Transportation Research Part C: Emerging Technologies
Multiagent architectures for intelligent traffic management systems
Introduction
The notion of software agents has become increasingly popular over the last couple of years. Public entities as well as private companies spend a considerable amount of time, effort and money in research development and promotion of the idea of software agents. To some respect this is surprising, as software agents essentially do what one expects a reasonable advanced computer program: it is embedded in an environment in which it is capable of achieving certain tasks with some degree of autonomy, i.e. without constant human guidance or intervention.

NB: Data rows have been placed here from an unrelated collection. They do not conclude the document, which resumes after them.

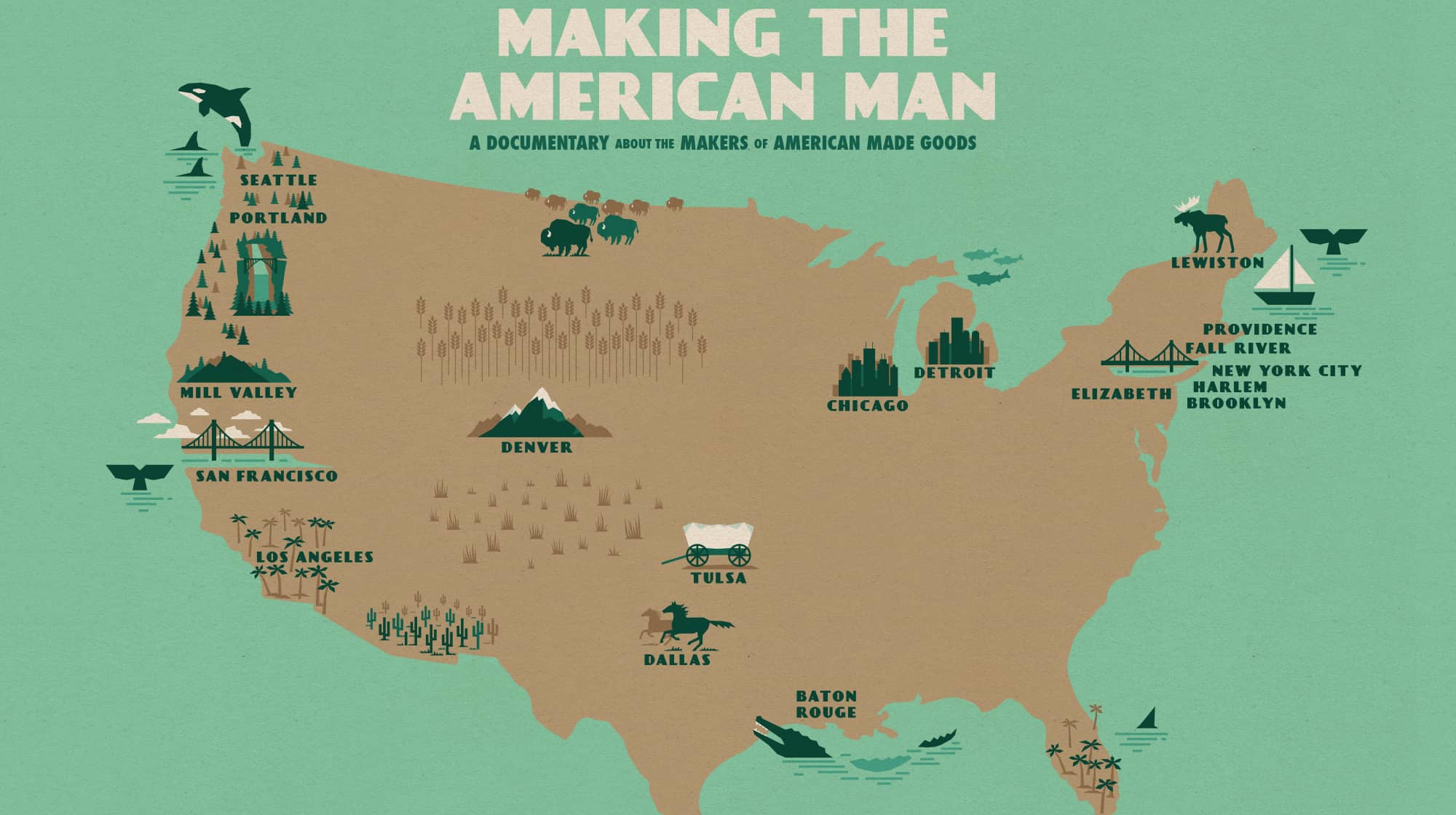 Man In The Map Of Us - United States Map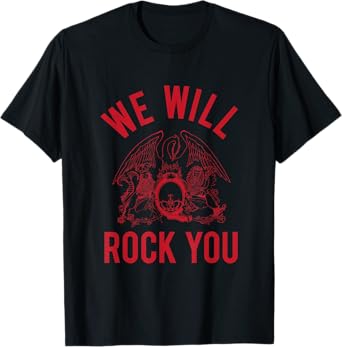 Queen Red Letters Rock You T-Shirt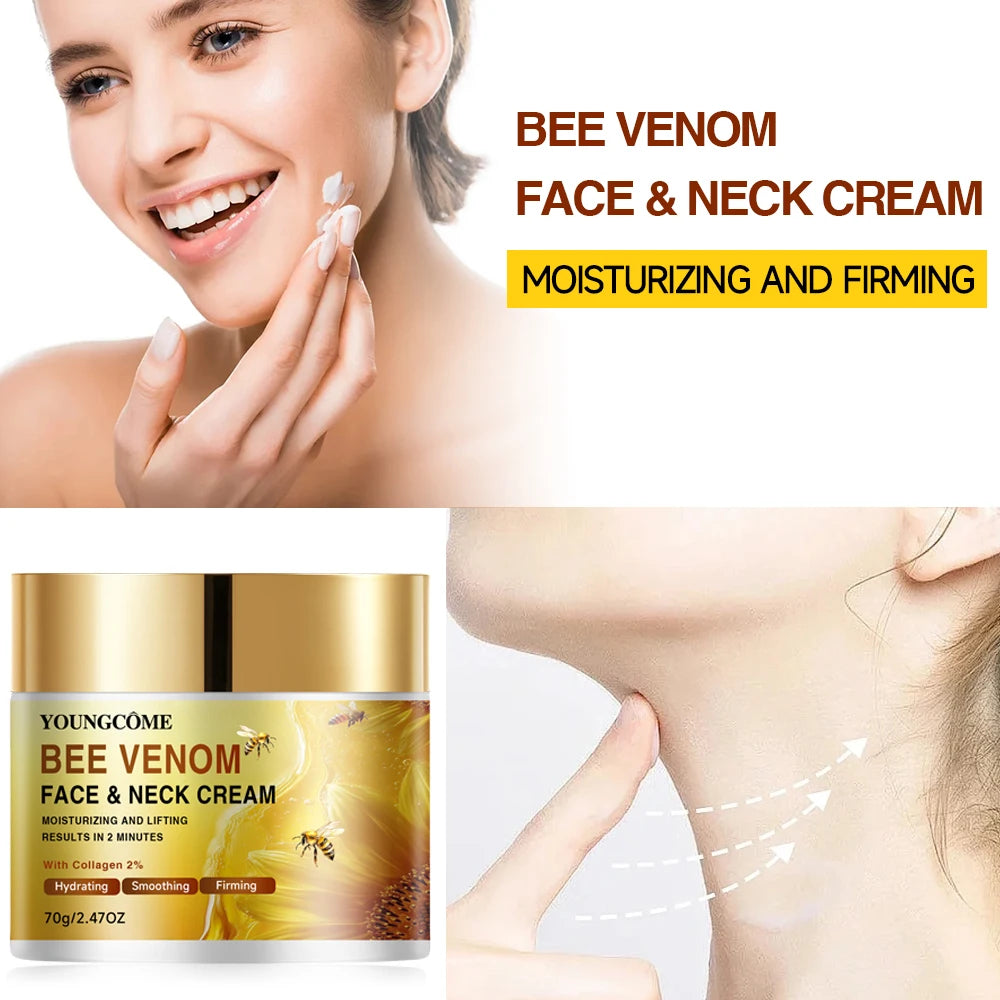 40/70g Bee Venom Face Neck Cream - Daily Moisturizing Firming Skin Smoothing Lifting Care for All Skin Types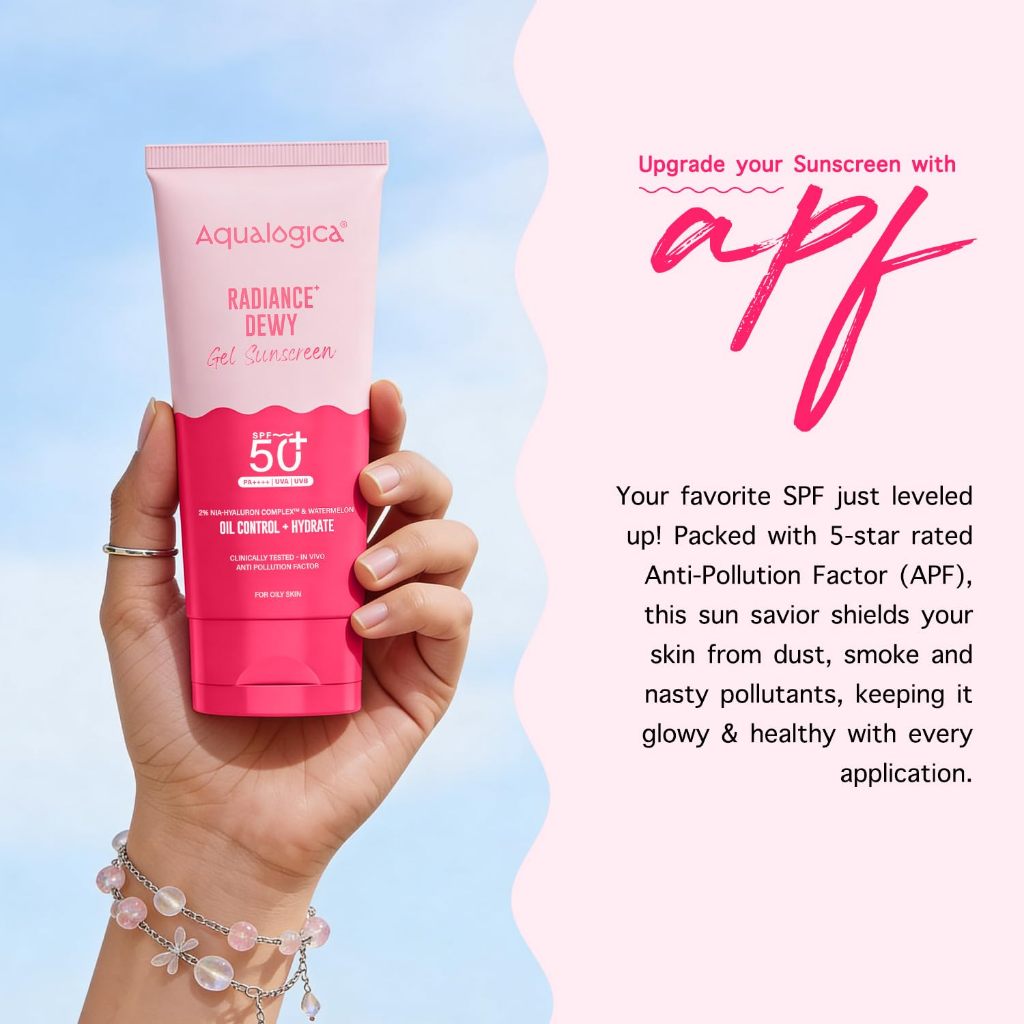 Aqualogica Radiance+ Dewy Gel Sunscreen - 80g | SPF 50+ PA++++ | In-Vivo Tested | New-age Filters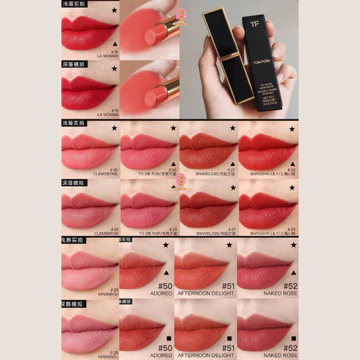 [Full Box] Son Thỏi Tom Ford Satin Matte Highend 02/03/04/05/15/24/25/27/28/29/50/51/52/53/54/55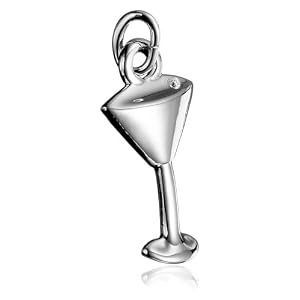 Buy Sterling Silver Diamond-Accent Martini Glass Charm by Amazon.com Collection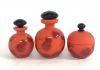Art Deco Czech Glass Vanity Set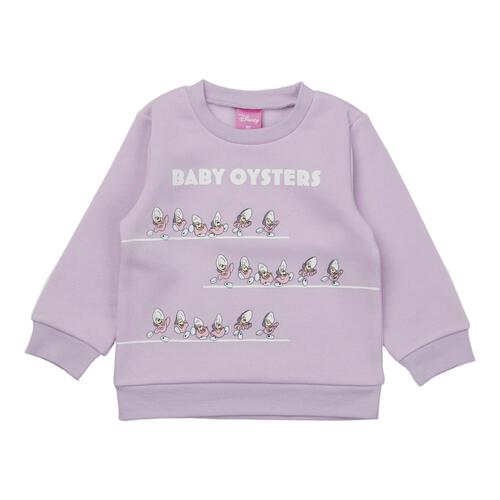 Disney ディズニー ヤングオイスター 長袖デイリートレーナー 起毛 パープル&times;95cm ベビーザらス限定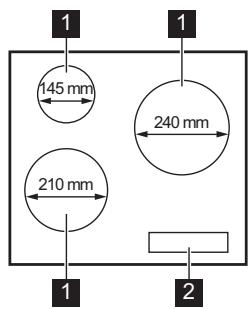 ELECTROLUX EHH6333FOK - Description de la table de cuisson - 1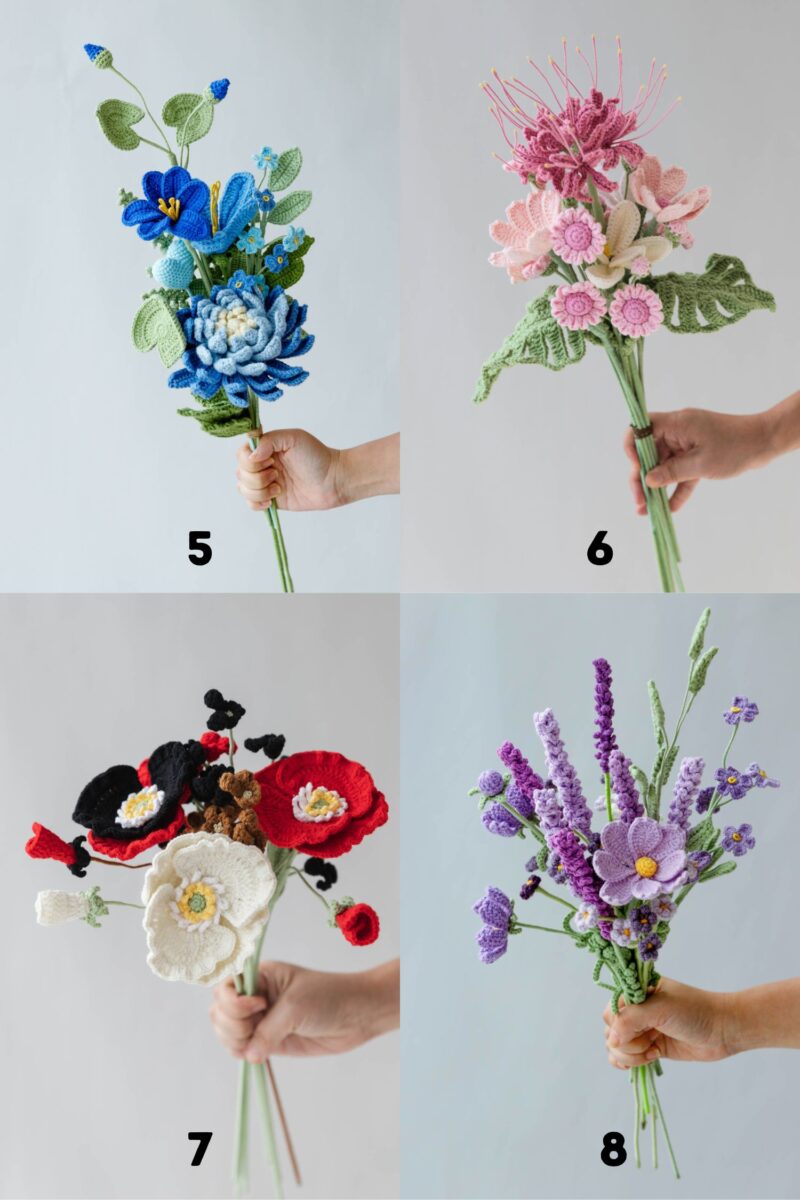crochet surprise bouquet |hookok crochet surprise bouquet |hookok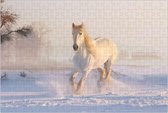 Wit Paard in de Sneeuw - Legpuzzel 252 Stukjes | Sneeuw - White Horse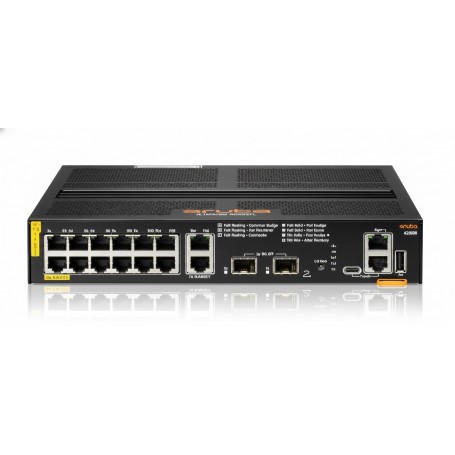 HPE Aruba JL693A ABA Networking 2930F 12G PoE managed Ethernet Switch (JL693A#ABA)
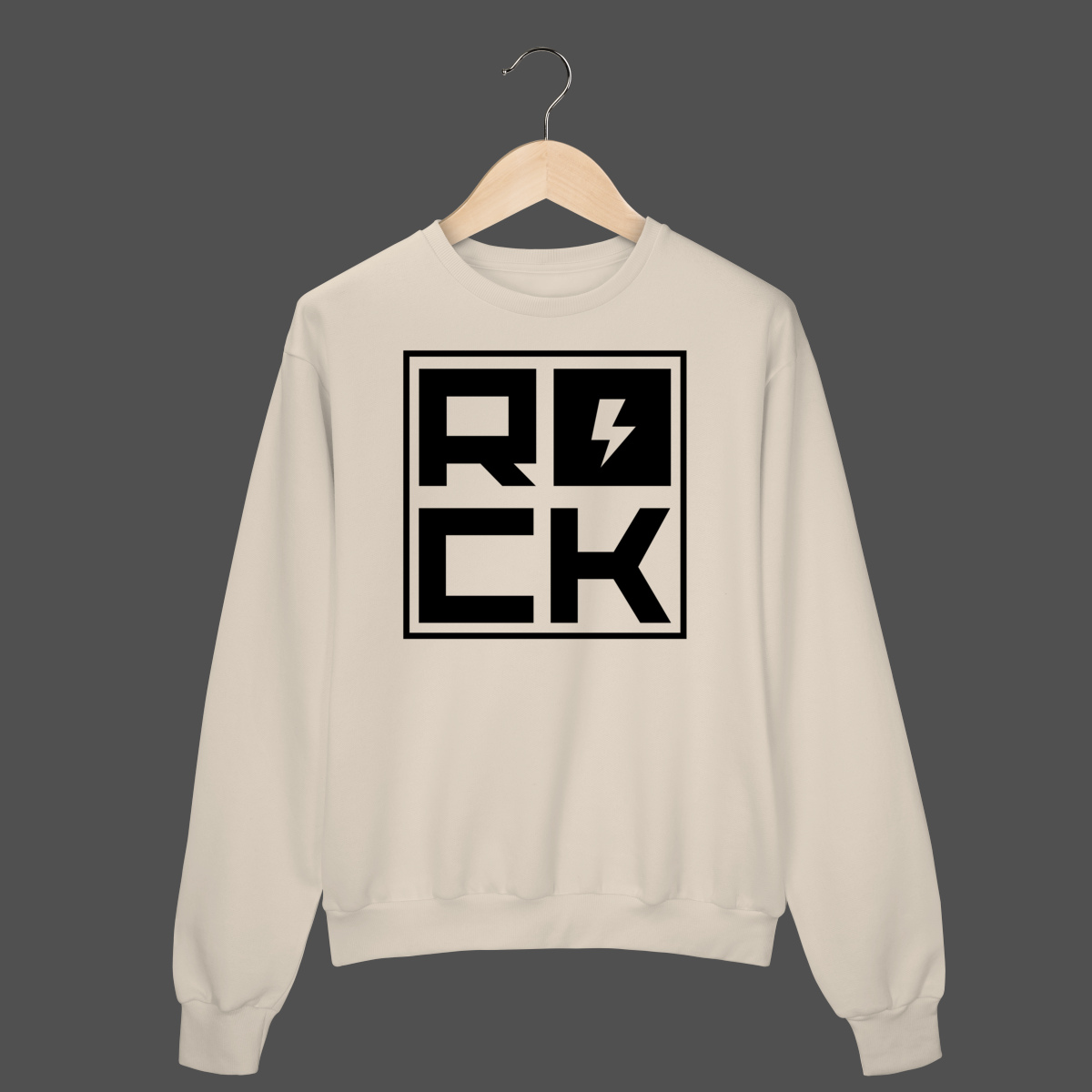 Nome do produto Moletom Fechado Prime | Rock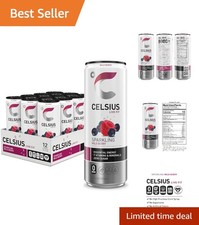 Sparkling Wild Berry Energy Drink - Sugar Free, , 200mg Caffeine - 12 Pack picture
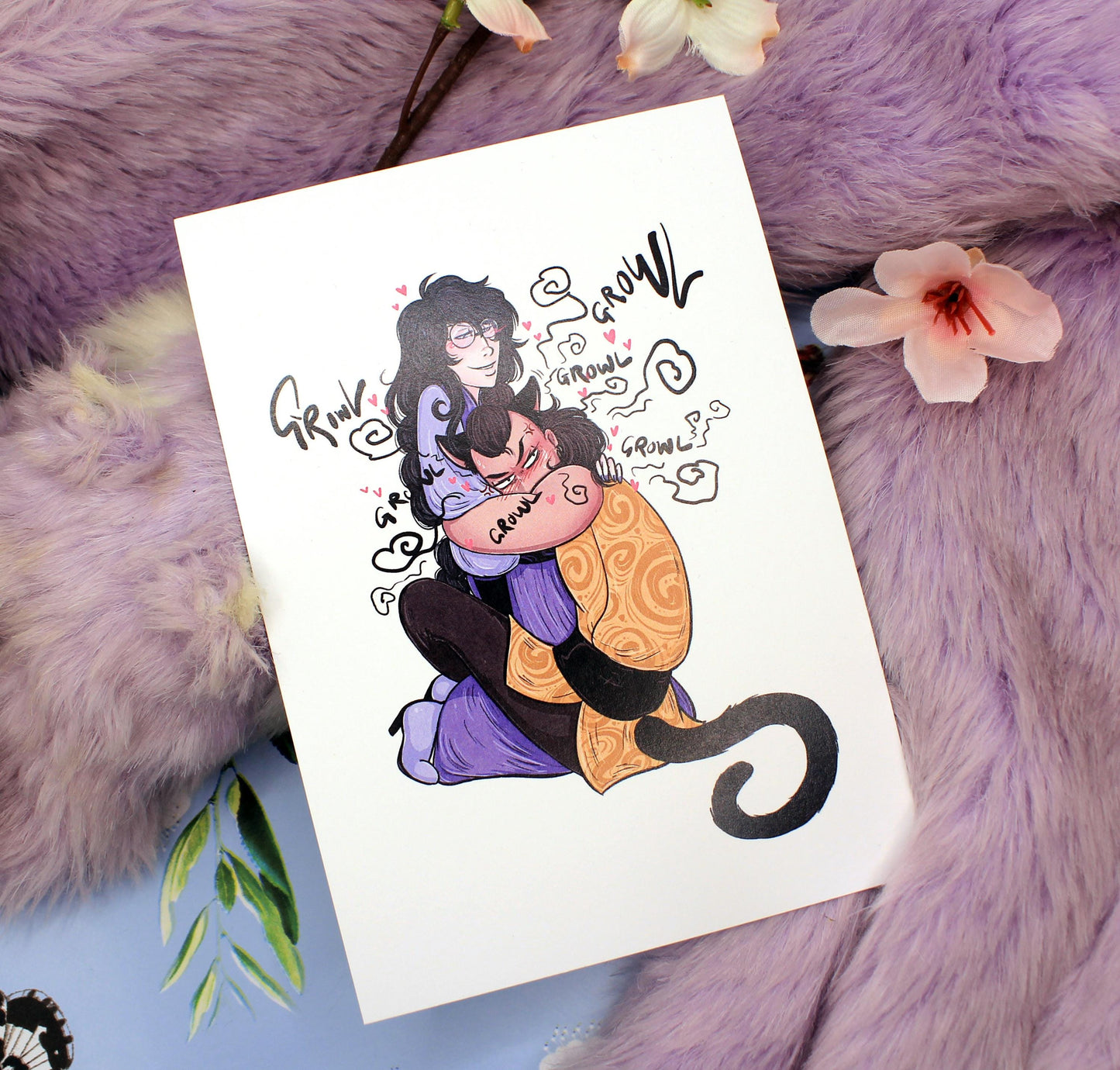 Clingy Tomar Growl A6 Print - The Nightingale Dragon Series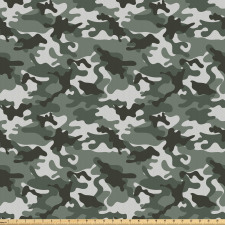 Asker Mikrofiber Parça Kumaş Koyu Tonlu Kamuflaj Desenli İllüstrasyon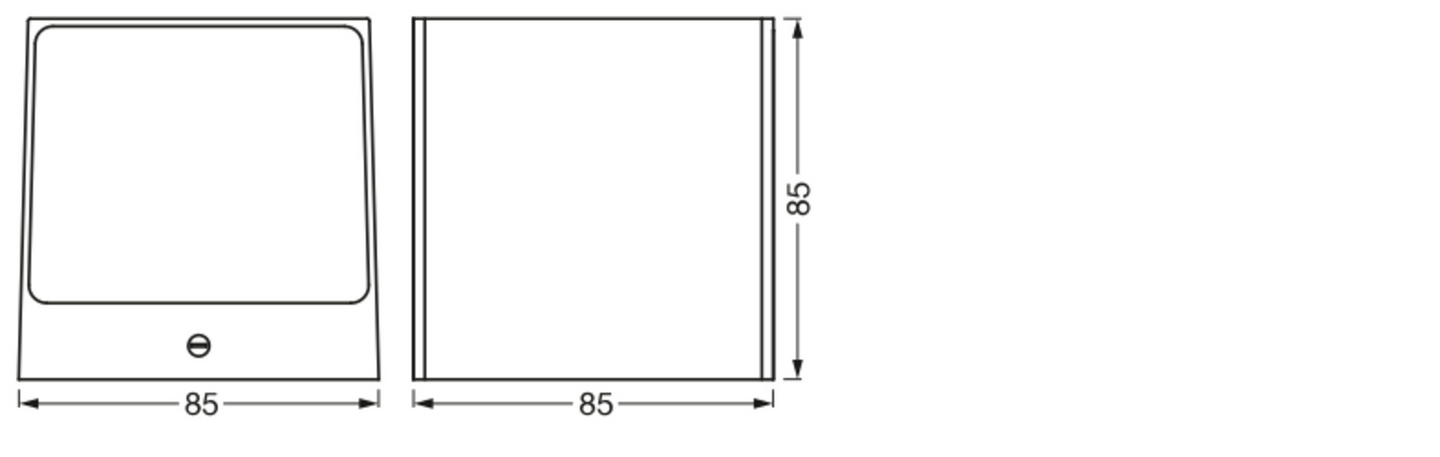 Led-seinävalaisin OSRAM Smart+ WiFi Brick UpDown RGBW 550lm IP44 tumman harmaa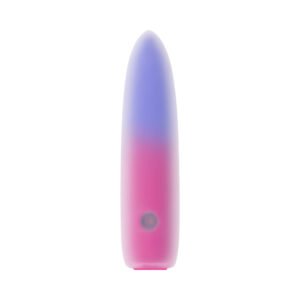 Alternative view of Evolved Paradise Bullet Rechargeable Dual Layer Silicone Bullet Vibrator Pink/Purple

Still, the real potential of this technology becomes unleashed when several software agents are put to use in the same environment. In this case, the group of agents is usually conceived as a multiagent system, as the successful completion of their tasks is subject to the decisions and actions of other agents. So, in multiagent systems, agents are forced to coordinate their activities so as to avoid negative interactions with their acquaintances and to exploit synergic potentials. Initially, most distributed problem-solving systems were based on a distinguished agent, which achieved the coordination of the activities of its acquaintances in a centralized fashion (Steeb et al., 1988; Von Martial, 1992). More recently, the focus has shifted to more autonomous agents that coordinate in a decentralized fashion (Ephrati et al., 1995; Decker and Lesser, 1998).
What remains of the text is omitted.